Review of the reviews - National

Number One Cafe

Matthew Norman, The Guardian (Rating: 9/10)

“In every regard a magnificent restaurant.” It turns out that this Notting Hill spot offers “[l]arge portions of authentic, sensational and preposterously cheap Thai food with the odd Malay twist”, plus charming service, in “a simple, airy room - paper flowers adorning doorways, open-plan kitchen, obligatory portrait of Thai king, big windows on to adjoining park”. And it’s BYO too.

Aaya

Terry Durack, The Independent on Sunday (Rating: 16/20)

What, the critic muses, is he doing at this smart Soho Japanese on his “self-imposed dining budget of £80 for two”? It turns out that he’s here “because Aaya is irresistible”, and he manages to have a pretty good meal. “With a head chef and three others hand-picked from Kyoto, and a sushi chef direct from Tokyo, Aaya is aiming at London's top bracket of Japanese, undercutting them on price so that I can (just) afford to eat there. But even if I couldn't, I would ask if I could just sit there and admire it.”

Tom Ilic Restaurant

Jay Rayner, The Observer

Mr Rayner reviews the first ‘name’ venture of a chef who “cooks in the French idiom and in a very specific way”. “He does big, deep flavours. He loves braising bits of animals and serving them with the sort of sauces whose flavours stay with you for days, half taste, half memory. He is a cook for a northern European winter. In short, Ilic has almost no breadth, but he does have extreme, ocean rift-like depth.” This is a place where “[t]he food is what matters, and at around £27 for three courses it is very good value indeed”. Tom Ilic, he concludes, is a smart neighbourhood restaurant which delivers much more than that suggests. It is idiosyncratic, an expression of one man's taste. Happily, that man has very good taste indeed.”

Eyre Brothers

Giles Coren, The Times (Rating: 6.33/10)

The critic visits this well-established City-fringe Hispanic, and finds a “very good and quite jolly restaurant” that was alarmingly empty on a Friday evening.

Quo Vadis

AA Gill, The Sunday Times (Rating: 4/5 stars)

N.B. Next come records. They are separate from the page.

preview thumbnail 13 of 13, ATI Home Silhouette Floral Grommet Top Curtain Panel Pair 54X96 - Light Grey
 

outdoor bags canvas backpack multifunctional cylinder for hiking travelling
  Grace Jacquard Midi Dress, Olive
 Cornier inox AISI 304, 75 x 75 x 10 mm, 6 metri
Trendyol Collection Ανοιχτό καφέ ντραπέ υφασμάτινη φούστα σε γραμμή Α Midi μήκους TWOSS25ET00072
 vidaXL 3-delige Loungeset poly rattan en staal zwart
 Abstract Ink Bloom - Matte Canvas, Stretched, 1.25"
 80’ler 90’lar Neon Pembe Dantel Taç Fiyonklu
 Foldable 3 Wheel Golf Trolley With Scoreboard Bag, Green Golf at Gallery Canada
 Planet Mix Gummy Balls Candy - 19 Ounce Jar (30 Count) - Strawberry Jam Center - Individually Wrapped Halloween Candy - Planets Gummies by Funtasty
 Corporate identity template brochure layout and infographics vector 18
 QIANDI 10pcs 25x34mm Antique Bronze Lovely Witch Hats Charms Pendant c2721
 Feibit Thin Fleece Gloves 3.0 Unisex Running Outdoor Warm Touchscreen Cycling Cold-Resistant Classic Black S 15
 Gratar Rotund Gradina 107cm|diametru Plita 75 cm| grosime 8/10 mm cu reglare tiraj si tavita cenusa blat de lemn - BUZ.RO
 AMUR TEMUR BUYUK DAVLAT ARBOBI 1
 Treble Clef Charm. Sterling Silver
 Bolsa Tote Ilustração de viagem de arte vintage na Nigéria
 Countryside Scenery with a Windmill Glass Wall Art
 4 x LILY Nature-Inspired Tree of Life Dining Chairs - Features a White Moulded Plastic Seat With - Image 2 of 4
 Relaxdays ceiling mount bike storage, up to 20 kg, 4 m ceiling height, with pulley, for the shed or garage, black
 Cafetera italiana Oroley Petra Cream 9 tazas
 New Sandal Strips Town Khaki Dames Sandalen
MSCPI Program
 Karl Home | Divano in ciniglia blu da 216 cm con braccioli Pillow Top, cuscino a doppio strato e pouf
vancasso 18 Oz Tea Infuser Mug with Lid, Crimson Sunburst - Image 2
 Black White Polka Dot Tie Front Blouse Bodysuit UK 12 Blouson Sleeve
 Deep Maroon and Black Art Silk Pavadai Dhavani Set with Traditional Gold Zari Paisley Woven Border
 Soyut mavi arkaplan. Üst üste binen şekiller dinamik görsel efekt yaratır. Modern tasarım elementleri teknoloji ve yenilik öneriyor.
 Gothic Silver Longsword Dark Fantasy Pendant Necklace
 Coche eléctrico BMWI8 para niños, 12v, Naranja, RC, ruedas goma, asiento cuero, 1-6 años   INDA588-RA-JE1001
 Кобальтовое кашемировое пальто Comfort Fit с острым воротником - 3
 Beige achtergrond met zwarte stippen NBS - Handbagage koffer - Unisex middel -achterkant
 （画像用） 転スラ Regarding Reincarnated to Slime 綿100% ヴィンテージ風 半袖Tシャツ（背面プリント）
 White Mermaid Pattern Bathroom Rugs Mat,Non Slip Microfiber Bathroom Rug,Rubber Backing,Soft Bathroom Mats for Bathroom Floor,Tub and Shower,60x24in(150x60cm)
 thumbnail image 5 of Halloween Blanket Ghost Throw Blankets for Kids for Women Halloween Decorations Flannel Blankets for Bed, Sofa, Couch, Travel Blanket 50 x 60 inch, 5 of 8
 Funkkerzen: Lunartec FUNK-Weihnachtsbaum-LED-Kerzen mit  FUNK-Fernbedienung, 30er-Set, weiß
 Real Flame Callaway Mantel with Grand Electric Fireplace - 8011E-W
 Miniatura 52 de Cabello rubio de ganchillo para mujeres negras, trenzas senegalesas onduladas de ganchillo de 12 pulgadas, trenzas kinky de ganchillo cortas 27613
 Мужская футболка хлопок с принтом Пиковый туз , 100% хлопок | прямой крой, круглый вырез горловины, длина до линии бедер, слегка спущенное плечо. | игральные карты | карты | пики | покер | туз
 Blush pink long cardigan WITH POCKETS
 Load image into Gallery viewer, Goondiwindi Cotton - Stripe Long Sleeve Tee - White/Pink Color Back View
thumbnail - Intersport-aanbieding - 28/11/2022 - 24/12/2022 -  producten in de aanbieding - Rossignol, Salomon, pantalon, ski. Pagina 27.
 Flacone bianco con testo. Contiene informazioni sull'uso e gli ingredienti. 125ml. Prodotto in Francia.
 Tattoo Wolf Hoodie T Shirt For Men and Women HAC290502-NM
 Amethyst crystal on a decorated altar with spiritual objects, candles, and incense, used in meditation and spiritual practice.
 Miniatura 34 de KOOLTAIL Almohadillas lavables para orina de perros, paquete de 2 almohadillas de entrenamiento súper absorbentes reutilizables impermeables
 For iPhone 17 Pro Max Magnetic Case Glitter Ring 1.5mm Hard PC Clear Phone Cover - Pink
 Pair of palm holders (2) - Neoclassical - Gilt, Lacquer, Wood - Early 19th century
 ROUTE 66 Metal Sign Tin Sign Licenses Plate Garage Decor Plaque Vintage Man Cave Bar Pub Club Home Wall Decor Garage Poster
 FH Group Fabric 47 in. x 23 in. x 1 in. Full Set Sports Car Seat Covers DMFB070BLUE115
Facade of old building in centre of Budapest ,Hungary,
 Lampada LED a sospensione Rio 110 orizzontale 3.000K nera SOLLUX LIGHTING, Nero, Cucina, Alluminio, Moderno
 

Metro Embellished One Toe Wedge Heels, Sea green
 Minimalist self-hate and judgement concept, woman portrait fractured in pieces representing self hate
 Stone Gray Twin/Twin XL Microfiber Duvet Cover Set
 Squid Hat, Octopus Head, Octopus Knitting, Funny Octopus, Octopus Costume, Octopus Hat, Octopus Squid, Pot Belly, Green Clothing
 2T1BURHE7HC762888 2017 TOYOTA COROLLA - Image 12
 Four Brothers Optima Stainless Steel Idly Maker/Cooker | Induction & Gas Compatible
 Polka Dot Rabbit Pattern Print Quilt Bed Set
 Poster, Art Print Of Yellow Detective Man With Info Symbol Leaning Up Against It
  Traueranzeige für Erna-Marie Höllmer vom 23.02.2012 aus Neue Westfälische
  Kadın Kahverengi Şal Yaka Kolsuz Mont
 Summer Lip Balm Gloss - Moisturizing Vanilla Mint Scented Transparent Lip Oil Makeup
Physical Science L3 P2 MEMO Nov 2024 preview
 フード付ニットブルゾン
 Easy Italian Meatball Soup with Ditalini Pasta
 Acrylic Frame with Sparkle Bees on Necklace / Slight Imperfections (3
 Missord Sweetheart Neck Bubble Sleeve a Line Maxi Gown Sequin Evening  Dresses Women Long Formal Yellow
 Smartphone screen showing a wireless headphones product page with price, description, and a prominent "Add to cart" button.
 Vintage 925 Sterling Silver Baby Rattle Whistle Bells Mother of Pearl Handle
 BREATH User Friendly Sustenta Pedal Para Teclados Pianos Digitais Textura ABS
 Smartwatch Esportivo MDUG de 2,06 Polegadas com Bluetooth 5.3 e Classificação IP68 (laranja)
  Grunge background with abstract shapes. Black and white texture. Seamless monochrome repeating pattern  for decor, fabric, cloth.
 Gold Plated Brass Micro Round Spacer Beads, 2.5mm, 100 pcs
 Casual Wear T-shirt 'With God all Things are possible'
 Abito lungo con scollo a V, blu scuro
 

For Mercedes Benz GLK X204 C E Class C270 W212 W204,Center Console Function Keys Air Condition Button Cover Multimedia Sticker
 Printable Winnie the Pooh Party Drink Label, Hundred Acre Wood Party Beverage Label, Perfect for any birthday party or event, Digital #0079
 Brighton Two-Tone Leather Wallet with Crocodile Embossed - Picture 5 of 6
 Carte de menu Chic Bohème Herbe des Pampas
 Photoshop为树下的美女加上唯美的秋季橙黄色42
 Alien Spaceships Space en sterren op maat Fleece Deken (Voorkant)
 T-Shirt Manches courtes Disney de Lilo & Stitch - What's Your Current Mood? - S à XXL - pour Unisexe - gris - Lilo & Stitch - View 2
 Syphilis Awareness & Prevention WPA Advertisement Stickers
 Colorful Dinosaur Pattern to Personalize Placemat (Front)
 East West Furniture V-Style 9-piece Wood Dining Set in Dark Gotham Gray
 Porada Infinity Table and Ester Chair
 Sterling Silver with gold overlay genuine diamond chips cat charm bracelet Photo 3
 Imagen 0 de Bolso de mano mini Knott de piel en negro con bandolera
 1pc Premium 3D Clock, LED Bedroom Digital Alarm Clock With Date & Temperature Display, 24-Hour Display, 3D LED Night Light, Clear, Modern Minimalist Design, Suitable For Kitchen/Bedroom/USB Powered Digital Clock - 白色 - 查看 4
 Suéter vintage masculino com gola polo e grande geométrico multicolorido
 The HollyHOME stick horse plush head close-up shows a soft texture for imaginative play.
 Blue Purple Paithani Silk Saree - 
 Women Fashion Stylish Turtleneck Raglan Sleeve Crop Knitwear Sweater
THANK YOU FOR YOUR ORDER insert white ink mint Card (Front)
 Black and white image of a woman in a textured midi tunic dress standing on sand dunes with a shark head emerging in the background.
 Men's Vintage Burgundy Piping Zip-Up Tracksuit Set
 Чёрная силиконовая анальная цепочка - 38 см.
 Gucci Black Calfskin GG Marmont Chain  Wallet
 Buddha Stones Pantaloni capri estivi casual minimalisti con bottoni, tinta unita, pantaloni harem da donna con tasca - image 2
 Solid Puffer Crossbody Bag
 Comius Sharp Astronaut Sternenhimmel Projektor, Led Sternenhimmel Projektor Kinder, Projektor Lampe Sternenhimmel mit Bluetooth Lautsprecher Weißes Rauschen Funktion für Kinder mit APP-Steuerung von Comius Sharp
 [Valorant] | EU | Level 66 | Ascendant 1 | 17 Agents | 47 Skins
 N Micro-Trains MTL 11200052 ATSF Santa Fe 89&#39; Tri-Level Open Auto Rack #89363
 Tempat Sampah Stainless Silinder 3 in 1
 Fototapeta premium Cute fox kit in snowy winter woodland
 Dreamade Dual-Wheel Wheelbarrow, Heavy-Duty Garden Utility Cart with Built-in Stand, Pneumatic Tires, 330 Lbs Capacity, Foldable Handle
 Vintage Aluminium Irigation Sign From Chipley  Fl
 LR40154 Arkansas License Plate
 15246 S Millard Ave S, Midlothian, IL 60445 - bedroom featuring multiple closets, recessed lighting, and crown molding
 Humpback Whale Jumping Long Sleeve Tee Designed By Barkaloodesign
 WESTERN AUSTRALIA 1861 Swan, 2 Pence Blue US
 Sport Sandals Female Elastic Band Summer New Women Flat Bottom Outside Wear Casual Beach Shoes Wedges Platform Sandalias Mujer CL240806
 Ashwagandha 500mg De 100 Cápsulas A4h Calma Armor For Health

The critic likes the menu at this relaunched Soho institution, finding it “short without being rude, and sort of new English without being too sclerotically John Bull-ish and Last Night of the Poms… it’s the best food list I’ve seen for ages”. And the results were “humdinging”, with the meat “particularly deliciously hung”. (Oh yes, and he finally gets a clitoris into one of his reviews. All to do with Jeremy Clarkson, apparently.)

The Botanist

John Walsh, The Independent (Rating: Food 2/5 stars, Ambience 4/5 stars, Service 3/5 stars)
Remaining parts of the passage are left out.